Toning your butt and lifting it to the way you want it to look will take hard work and dedication. Consistency is key, and according to Livestrong, it can take four to six weeks to start seeing any light results. Keep in mind that it can be close to 26 weeks to a year or even longer for your butt to get larger.
Would training glutes every day be different? You can train your glutes every day, but you shouldn't if your goal is to build bigger and stronger glutes. Instead, 2-3 times a week is a better option depending on your training age.
“This includes avoiding refined and processed carbs, which can deter your buttock-toning process – white bread, french fries, chips, crackers, snack mixes, sugary drinks, etc,.
Growing your glutes isn't about stuffing your face with any food at the local buffet. You need to be strategic. And protein intake is one of the essential macronutrients to get right. If you don't eat enough, you'll struggle to grow your glutes regardless of how hard you train.
Numerous studies show that when working out we should aim to get between 0.75-1 gram per pound (1.6-2.2 g/kg) of body weight in order to build muscle, including the glute muscles. So a 200lb individual would need 150-200g of protein daily to build the booty.

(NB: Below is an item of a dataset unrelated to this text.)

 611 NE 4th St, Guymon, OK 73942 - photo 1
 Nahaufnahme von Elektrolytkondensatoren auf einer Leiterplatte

Inadequate food intake makes it nearly impossible to increase muscle strength or add gainz. The lack of energy from under eating can drastically reduce your training power. When you're under-fueled, it may feel like you're training intensely, but your power output is actually much lower.
Eat after you exercise
To help your muscles recover and to replace their glycogen stores, eat a meal that contains both carbohydrates and protein within two hours of your exercise session if possible. Consider a snack if your meal is more than two hours away. Good post-workout food choices include: Yogurt and fruit.

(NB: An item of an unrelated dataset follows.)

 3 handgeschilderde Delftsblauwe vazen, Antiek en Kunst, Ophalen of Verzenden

The hip thrust has been shown to produce some of the highest amounts of glute activity when compared with most other exercises. Research has repeatedly concluded that hip thrusts have higher glute activation than back squats, front squats, deadlifts, sumo deadlifts, trap bar deadlifts, and split squats.
How many inches can glutes grow? In general, you can expect to natural add around 1-2 inches in a reasonable time frame to your glutes, provided that you were consistent with your workouts, worked all of your glute muscles with a varied training programme, and fed your muscles correctly with a protein-rich diet.